◆ Required action:
Each line in the entries below that holds the word "image" belongs in the answer.

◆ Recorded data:
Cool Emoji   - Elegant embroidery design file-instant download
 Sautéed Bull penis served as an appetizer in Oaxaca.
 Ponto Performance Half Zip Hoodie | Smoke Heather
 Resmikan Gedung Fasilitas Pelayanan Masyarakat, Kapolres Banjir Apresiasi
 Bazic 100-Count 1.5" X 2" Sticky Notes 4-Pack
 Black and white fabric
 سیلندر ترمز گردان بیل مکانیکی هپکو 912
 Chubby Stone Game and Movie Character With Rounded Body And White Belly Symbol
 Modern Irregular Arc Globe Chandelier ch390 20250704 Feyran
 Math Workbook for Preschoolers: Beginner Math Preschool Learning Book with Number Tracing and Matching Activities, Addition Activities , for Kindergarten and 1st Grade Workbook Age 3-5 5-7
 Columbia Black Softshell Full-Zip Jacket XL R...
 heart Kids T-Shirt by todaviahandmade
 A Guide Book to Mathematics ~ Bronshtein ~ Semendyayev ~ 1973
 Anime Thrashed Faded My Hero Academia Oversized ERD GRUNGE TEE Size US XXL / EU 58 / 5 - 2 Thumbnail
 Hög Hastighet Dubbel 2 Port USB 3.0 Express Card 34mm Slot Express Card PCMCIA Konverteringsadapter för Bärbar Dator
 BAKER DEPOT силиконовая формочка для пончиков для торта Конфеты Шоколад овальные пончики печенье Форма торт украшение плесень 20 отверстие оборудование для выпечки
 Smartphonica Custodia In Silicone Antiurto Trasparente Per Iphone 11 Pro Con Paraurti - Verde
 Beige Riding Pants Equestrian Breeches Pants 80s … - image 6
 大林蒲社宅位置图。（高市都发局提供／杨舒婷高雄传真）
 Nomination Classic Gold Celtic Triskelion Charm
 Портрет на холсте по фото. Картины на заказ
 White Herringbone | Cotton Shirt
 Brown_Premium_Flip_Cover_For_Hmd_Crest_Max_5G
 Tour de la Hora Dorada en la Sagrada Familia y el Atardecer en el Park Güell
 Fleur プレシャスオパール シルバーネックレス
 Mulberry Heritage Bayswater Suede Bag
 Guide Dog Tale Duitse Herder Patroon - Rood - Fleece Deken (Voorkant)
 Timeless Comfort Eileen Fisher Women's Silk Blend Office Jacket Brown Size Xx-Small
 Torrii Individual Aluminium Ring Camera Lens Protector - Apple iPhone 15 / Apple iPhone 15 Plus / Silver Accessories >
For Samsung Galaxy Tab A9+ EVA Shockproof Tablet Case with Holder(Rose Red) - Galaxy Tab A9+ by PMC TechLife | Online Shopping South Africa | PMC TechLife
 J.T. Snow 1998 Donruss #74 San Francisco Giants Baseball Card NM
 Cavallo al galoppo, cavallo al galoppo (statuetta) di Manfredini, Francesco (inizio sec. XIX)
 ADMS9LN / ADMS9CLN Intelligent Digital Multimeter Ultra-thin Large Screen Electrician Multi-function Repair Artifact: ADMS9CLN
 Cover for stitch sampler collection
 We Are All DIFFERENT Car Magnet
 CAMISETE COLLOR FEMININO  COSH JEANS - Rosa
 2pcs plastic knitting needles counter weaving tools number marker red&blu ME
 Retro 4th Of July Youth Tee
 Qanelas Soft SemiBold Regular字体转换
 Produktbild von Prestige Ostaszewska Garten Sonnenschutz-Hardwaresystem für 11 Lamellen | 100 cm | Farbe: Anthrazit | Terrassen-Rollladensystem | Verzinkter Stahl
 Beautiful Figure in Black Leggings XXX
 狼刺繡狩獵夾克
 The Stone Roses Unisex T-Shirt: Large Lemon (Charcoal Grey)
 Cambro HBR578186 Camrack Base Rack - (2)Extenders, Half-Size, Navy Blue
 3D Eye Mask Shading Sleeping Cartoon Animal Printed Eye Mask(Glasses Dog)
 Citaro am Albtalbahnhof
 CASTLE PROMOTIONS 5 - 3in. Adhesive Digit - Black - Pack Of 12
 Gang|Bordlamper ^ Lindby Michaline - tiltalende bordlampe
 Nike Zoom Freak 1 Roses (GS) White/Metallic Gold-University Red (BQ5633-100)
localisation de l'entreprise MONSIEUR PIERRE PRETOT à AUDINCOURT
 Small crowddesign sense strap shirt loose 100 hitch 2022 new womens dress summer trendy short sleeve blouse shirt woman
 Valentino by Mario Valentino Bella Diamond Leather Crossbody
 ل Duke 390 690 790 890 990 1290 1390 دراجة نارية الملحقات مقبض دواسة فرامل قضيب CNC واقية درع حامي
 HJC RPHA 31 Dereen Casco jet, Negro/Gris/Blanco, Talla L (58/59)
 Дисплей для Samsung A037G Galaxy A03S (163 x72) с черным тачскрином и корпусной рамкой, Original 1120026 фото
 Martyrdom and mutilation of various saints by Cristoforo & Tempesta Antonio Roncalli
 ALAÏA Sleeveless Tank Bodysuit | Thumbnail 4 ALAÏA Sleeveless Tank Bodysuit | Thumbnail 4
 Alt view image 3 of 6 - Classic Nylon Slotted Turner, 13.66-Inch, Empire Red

◆ Task solution:
 Beige Riding Pants Equestrian Breeches Pants 80s … - image 6
 Alt view image 3 of 6 - Classic Nylon Slotted Turner, 13.66-Inch, Empire Red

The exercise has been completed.